Fast forward to the 80s. Guns ‘n’ Roses, famously styled ‘The Most Dangerous Band In The World’ and for a time, before their glorious, typically rock ‘n’ roll, implosion, that’s exactly what they were; urchins, gutter-snipes and street rats who could only do one thing; play rock ‘n’ roll. Read ‘The Dirt’ and learn that Motley Crue lived in squalor, poverty and drug-induced filth. Grime under their finger nails and rock ‘n’ roll beating proudly in their hearts.
Now lest any po-faced vicars or straight-laced squares accuse me of glorifying drug use and excess let me set the record straight; I’m not, ok? The point here is that the aforementioned bands and musos didn’t sit down with a bloody prospectus, a trust fund from mummy and daddy and decide on music as ‘viable career option.’ No, these lads were from the streets, didn’t give a damn for straight society’s rules and wanted only to play rock ‘n’ roll. It was genuine, passionate and heartfelt and it came across in feedback-drenched power-chords and primal howls. You can’t fake it, you live it.
Robert Johnson, Leadbelly, Link Wray, Stevie Ray Vaughan, Jim Morrison, Hendrix, Bon Scott, Phil Lynott and Slash were and are gypsies; pirates and vagabonds, swaggering gun-slingers and romantic poets always seeking adventure over the next horizon. They were the heroes and visionaries that would seek out brave new worlds and come back and tell us all about it in those seminal, aural masterpieces that have shaped and moulded entire generations of musicians since.

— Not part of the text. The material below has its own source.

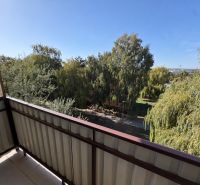 View from the balcony of a 2-room apartment on Pod hájkom Street in Skalica with plenty of greenery.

And so to today where we have boy bands, S*mon C*well and the X Factor, Coldplay, Dido and whiney, bland indie-pop. Do you see what’s happening, guys? The corporate counter-revolution is almost complete. Where are tomorrow’s Lemmys and Keefs? Where are the next generation’s rock ‘n’ roll heroes?

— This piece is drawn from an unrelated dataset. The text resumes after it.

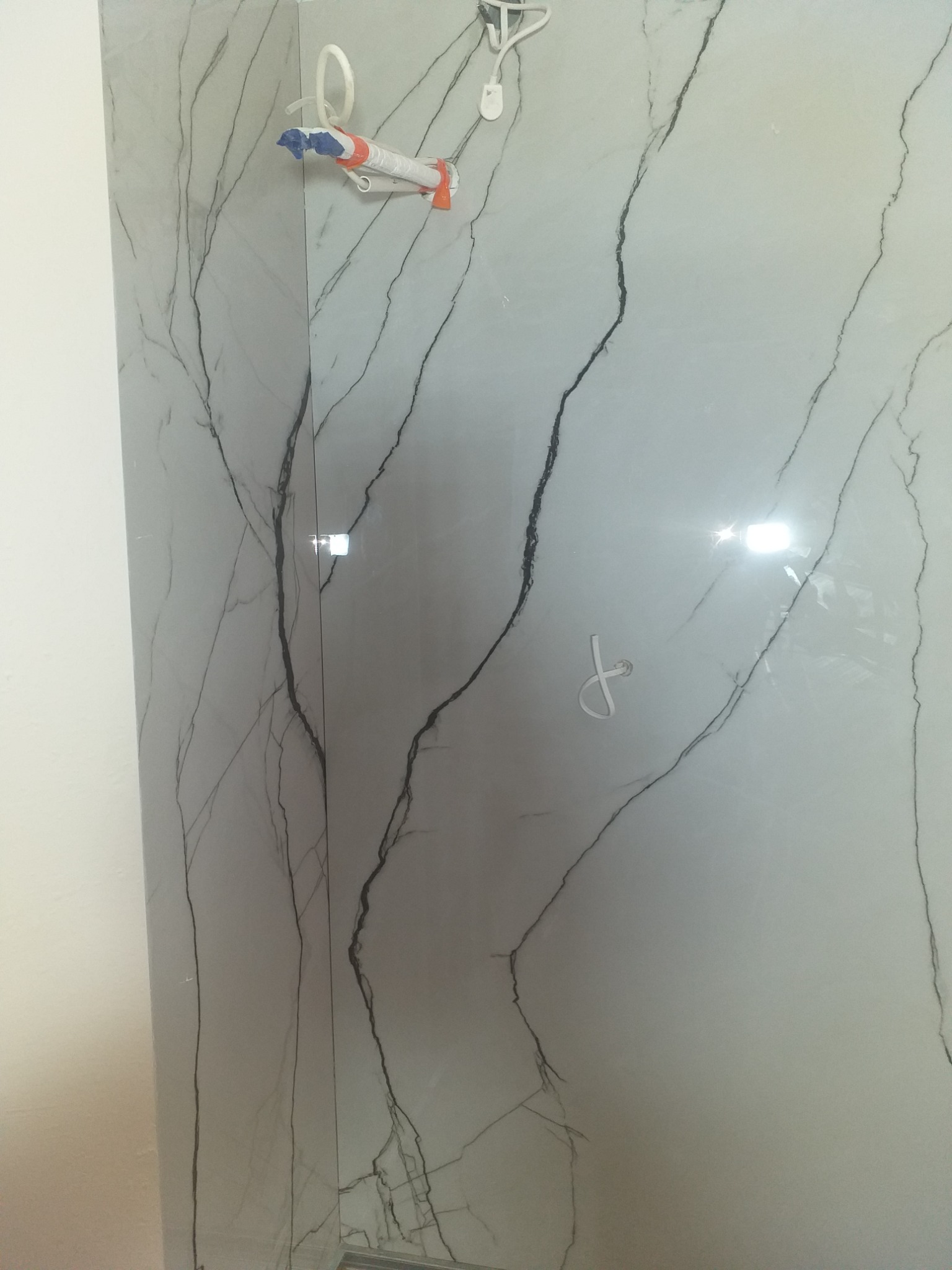 Ściana wyłożona błyszczącymi, szarymi płytkami imitującymi marmur z wyraźnym, ciemnym wzorem żyłkowania. Widoczne akcesoria montażowe i fragment sąsiedniej ściany.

Well, I’ll tell you; they’re in a pub or grubby basement bar near you right now. They’re existing on shoe-string budgets playing their hearts out. They’re scrabbling for gigs while some no-mark, talentless Britney clone is being groomed as the Next Big Thing. They’re slogging their balls, backs and hearts out, ignored, unaided and no closer to a deal than they were yesterday. Each and every one of us has a duty to get out there, see these acts, give ‘em some support and let’s make it happen for the good guys.
Here in the Midlands we have some truly exciting bands, some incredible unsigned talent, many of whom, with the right break, could be genuine contenders; Captain Horizon, A Thousand Enemies, Fahran, Dakesis, JD & The FDCs, to name just a few, are playing in your neighbourhood right now. Go see ‘em, buy and album, a t-shirt and give them your support. Let’s ensure the heart of rock ‘n’ roll continues to beat. Let’s give a defiant, swaggering ‘Up yours!’ to the suits, morons and bean-counters that run the music business. Let’s make sure tomorrow’s heroes are given the chance to thrill, excite and entertain us the way the legends of yesterday did. Let’s make sure our kids inherit a world where rock ‘n’ roll matters.